Against an apparently weaker enemy, a handful of Puritans, she did not prevail. They were men who had felt the influence of Calvin; some of them had visited Calvin's Geneva as Marian refugees; many of them had read the Bible in a translation made and annotated by Geneva Calvinists; some had heard or read the blasts of John Knox's trumpet; some may have heard echoes of Wyclif's Lollard "poor priests."

Taking the Bible as their infallible guide, they found nothing in it about the episcopal powers and sacerdotal vestments that Elizabeth had transferred from the Roman to the Anglican Church; on the contrary, they found much about presbyters' having no sovereign but Christ.

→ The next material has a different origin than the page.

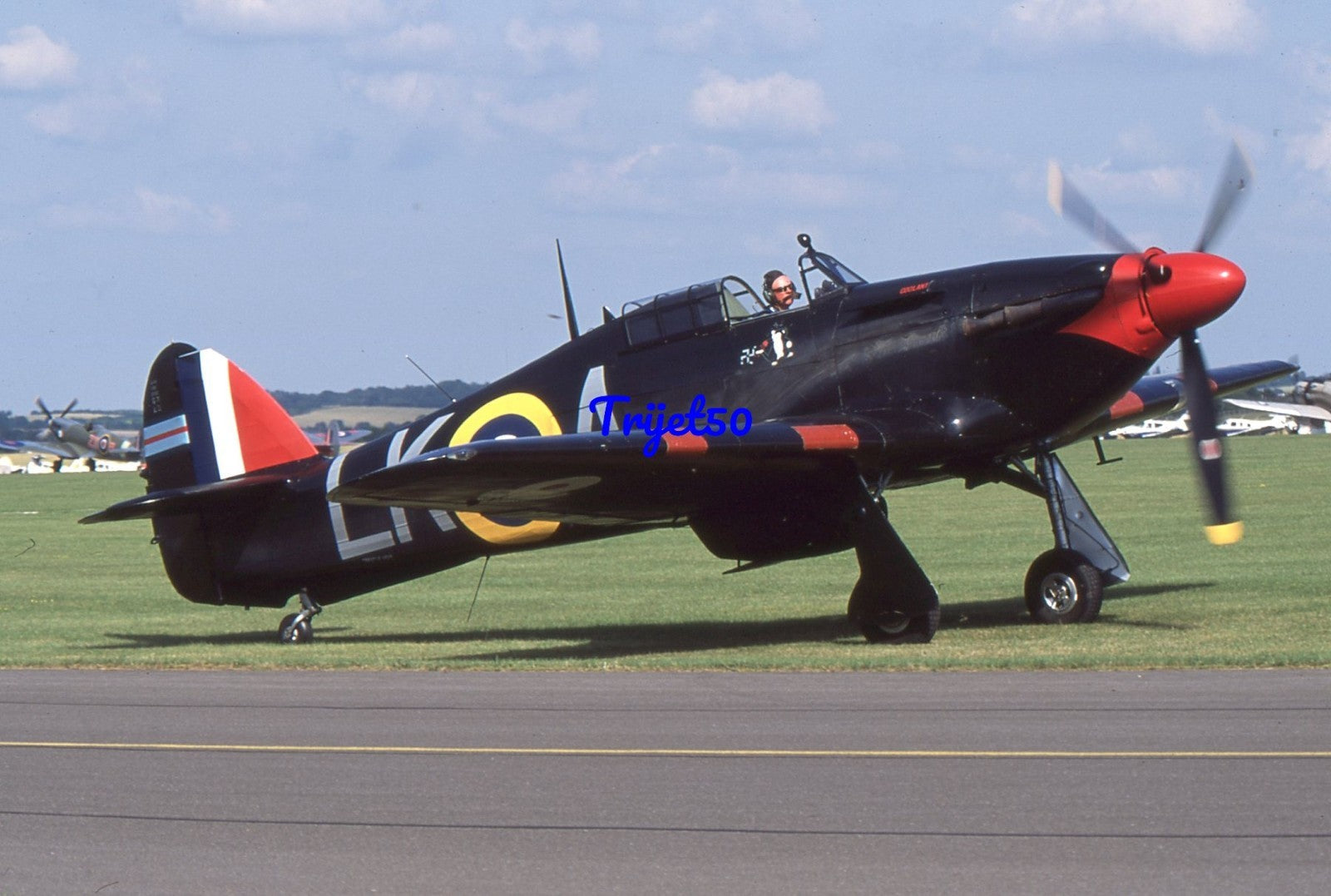 35mm Military Aircraft Slide Hurricane BD707 G-HURR Duxford 2005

They acknowledged Elizabeth as head of the Church in England, but only to bar the pope; in their hearts they rejected any control of religion by the state, and aspired to control of the state by their religion. Toward 1564 they began to be called Puritans, a term of abuse because they demanded the purification of English Protestantism from all forms of faith and worship not found in the New Testament.

They took the doctrines of predestination, election, and damnation deeply to heart, and felt that hell could be escaped only by subordinating every aspect of life to religion and morality. As they read the Bible in the solemn Sundays of their homes, the figure of Christ almost disappeared against the background of the Old Testament's jealous and vengeful Jehovah.

The Puritan attack on Elizabeth took form (1569) when the lectures of Thomas Cartwright, professor of theology at Cambridge, stressed the contrast between the Presbyterian organization of the early Christian Church and the episcopalian structure of the Anglican Establishment.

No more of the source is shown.